> _Exercise goal_
Leave out the pictures. Return every record otherwise untouched.

Excerpted records Block Start

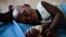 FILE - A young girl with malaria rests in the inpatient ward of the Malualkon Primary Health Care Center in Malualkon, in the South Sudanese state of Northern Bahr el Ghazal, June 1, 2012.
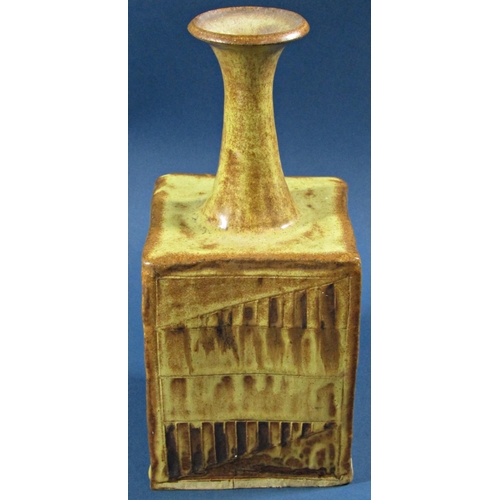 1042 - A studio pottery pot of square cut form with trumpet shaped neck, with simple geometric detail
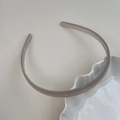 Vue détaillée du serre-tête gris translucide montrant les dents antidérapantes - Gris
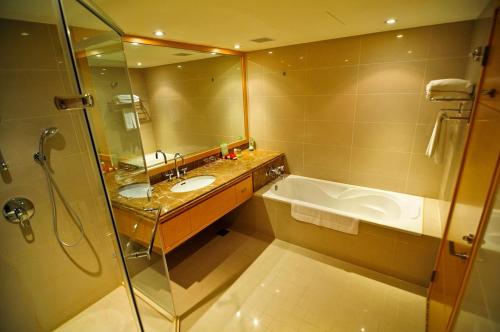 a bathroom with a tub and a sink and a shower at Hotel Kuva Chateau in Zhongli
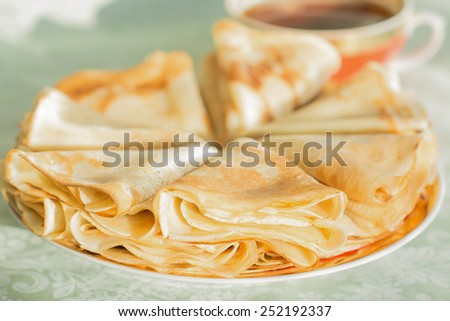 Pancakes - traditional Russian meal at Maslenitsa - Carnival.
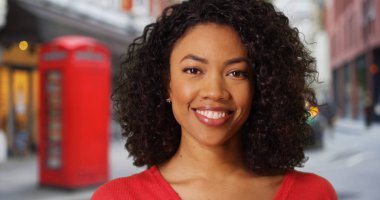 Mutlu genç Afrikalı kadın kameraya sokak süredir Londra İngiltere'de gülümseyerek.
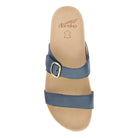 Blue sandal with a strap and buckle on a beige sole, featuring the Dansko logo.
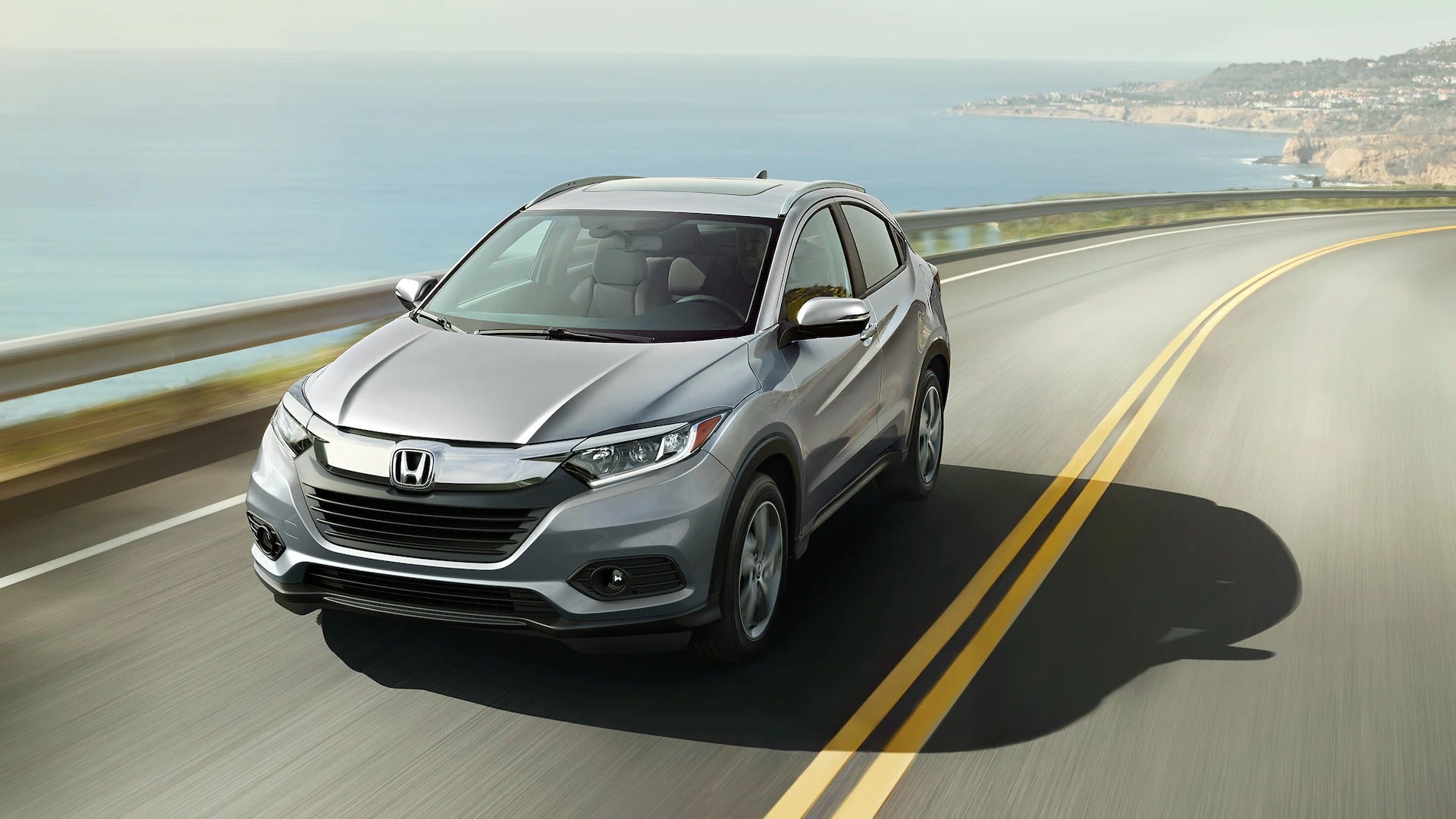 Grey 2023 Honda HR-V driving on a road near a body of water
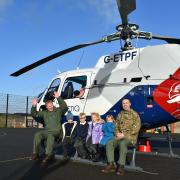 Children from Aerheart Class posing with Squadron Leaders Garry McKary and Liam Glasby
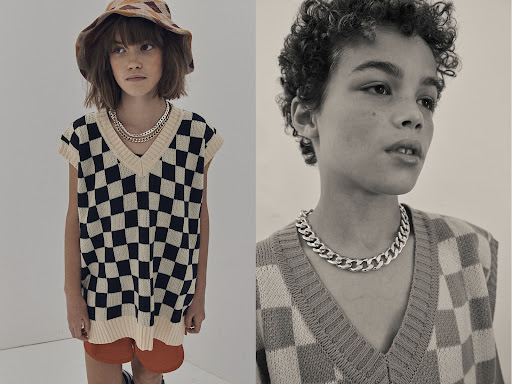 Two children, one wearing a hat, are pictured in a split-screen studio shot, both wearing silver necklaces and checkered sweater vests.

Excerpted records Block End

> _Answer box_
 FILE - A young girl with malaria rests in the inpatient ward of the Malualkon Primary Health Care Center in Malualkon, in the South Sudanese state of Northern Bahr el Ghazal, June 1, 2012.
 1042 - A studio pottery pot of square cut form with trumpet shaped neck, with simple geometric detail
 Vue détaillée du serre-tête gris translucide montrant les dents antidérapantes - Gris
 a bathroom with a tub and a sink and a shower at Hotel Kuva Chateau in Zhongli
 Pancakes - traditional Russian meal at Maslenitsa - Carnival.
 Mutlu genç Afrikalı kadın kameraya sokak süredir Londra İngiltere'de gülümseyerek.
 Blue sandal with a strap and buckle on a beige sole, featuring the Dansko logo.
 Grey 2023 Honda HR-V driving on a road near a body of water
 Children from Aerheart Class posing with Squadron Leaders Garry McKary and Liam Glasby
 Two children, one wearing a hat, are pictured in a split-screen studio shot, both wearing silver necklaces and checkered sweater vests.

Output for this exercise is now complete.